■ YOUR ASSIGNMENT ■
Without the pictures, return each record as it appears.

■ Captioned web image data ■
------------------------

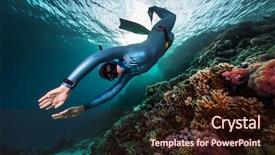  Presentation with sea coral - Beautiful PPT theme featuring free diver swimming underwater backdrop and a wine colored foreground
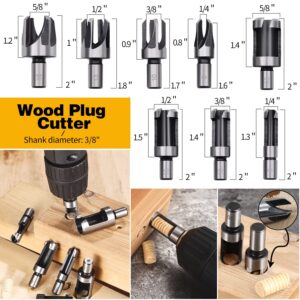 23pcs Woodworking Chamfer Drilling Tool Set, Including 7pcs 3-Point Countersink Drill Bit, 8pcs Wood Plug Cutters, 6pcs Countersink Drill Bits, 1pcs L-Wrench, 1pcs Center Punch for Wood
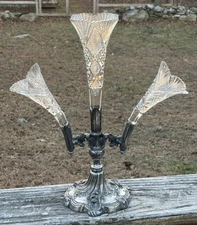 Walker And Hall Sheffield Silver Plate Cut Glass Epergne 1895 - 1920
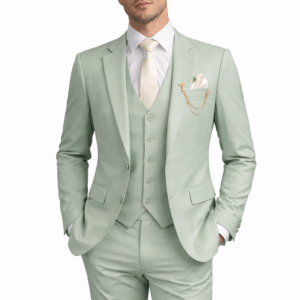 Chiq Mode Premium Mint Green 3-Piece Men’s Suit – Wedding & Formal Wear
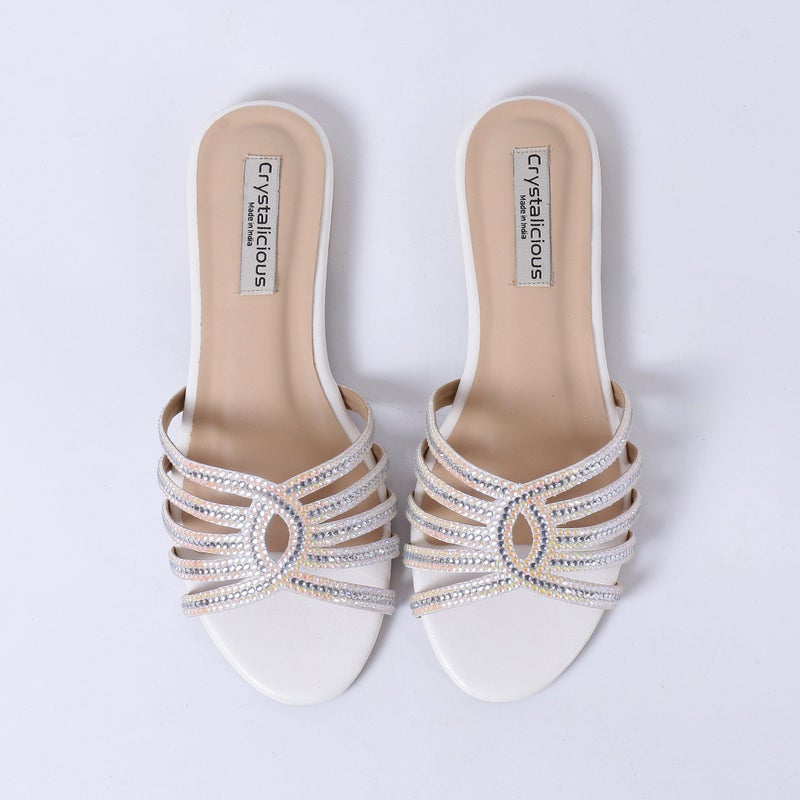 Crystalicious Warm Handcrafted Women Flats Sparkly Embellished Sandals For Work, Party Wedding - Image 1
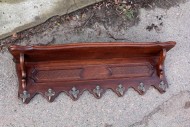 Старинная дубовая настенная полка-вешалка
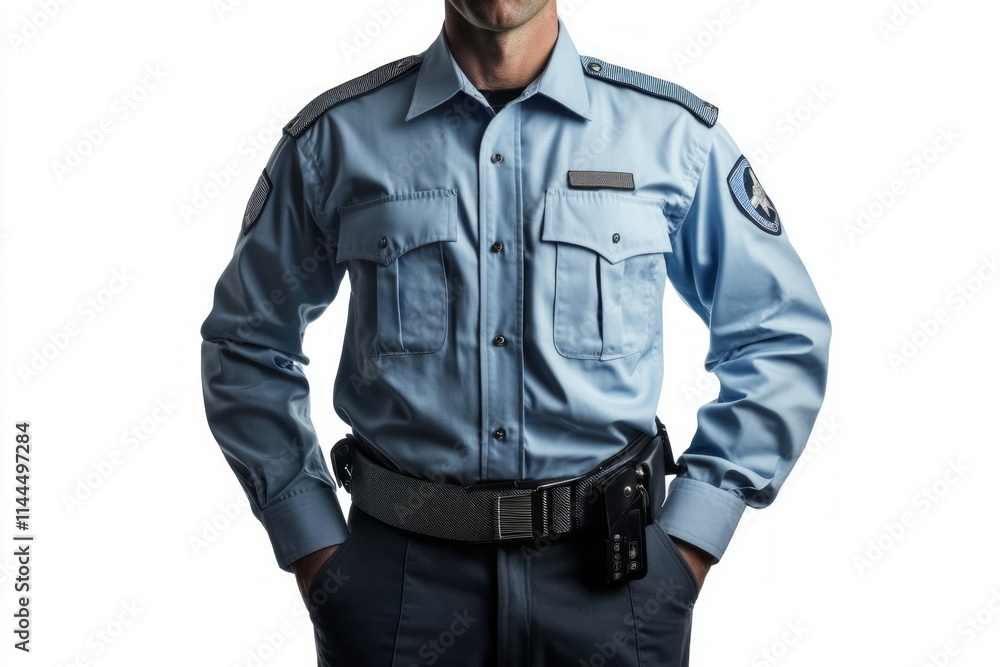 A confident police officer stands with his arms crossed. Dressed in a light blue uniform, he embodies authority and professionalism. Law enforcement plays a vital role. Generative AI A confident police officer stands with his arms crossed. Dressed in a light blue uniform, he embodies authority and professionalism. Law enforcement plays a vital role. Generative AI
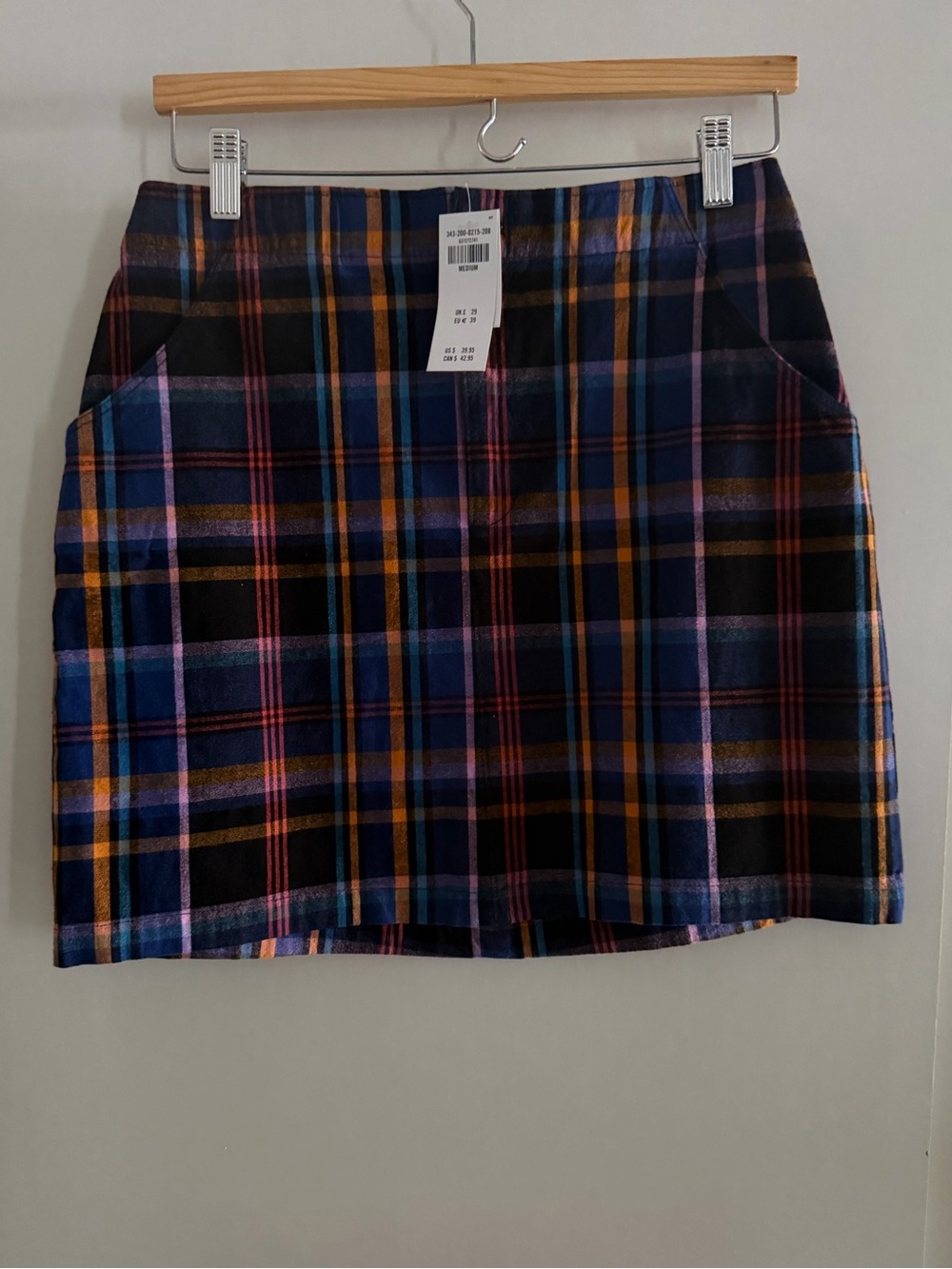 Hollister Plaid Mini Skirt in Blue, Purple & Gold Tones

------------------------

■ ANSWER SPACE ■
  Presentation with sea coral - Beautiful PPT theme featuring free diver swimming underwater backdrop and a wine colored foreground
 23pcs Woodworking Chamfer Drilling Tool Set, Including 7pcs 3-Point Countersink Drill Bit, 8pcs Wood Plug Cutters, 6pcs Countersink Drill Bits, 1pcs L-Wrench, 1pcs Center Punch for Wood
 Walker And Hall Sheffield Silver Plate Cut Glass Epergne 1895 - 1920
 Chiq Mode Premium Mint Green 3-Piece Men’s Suit – Wedding & Formal Wear
 Crystalicious Warm Handcrafted Women Flats Sparkly Embellished Sandals For Work, Party Wedding - Image 1
 Старинная дубовая настенная полка-вешалка
 A confident police officer stands with his arms crossed. Dressed in a light blue uniform, he embodies authority and professionalism. Law enforcement plays a vital role. Generative AI A confident police officer stands with his arms crossed. Dressed in a light blue uniform, he embodies authority and professionalism. Law enforcement plays a vital role. Generative AI
 Hollister Plaid Mini Skirt in Blue, Purple & Gold Tones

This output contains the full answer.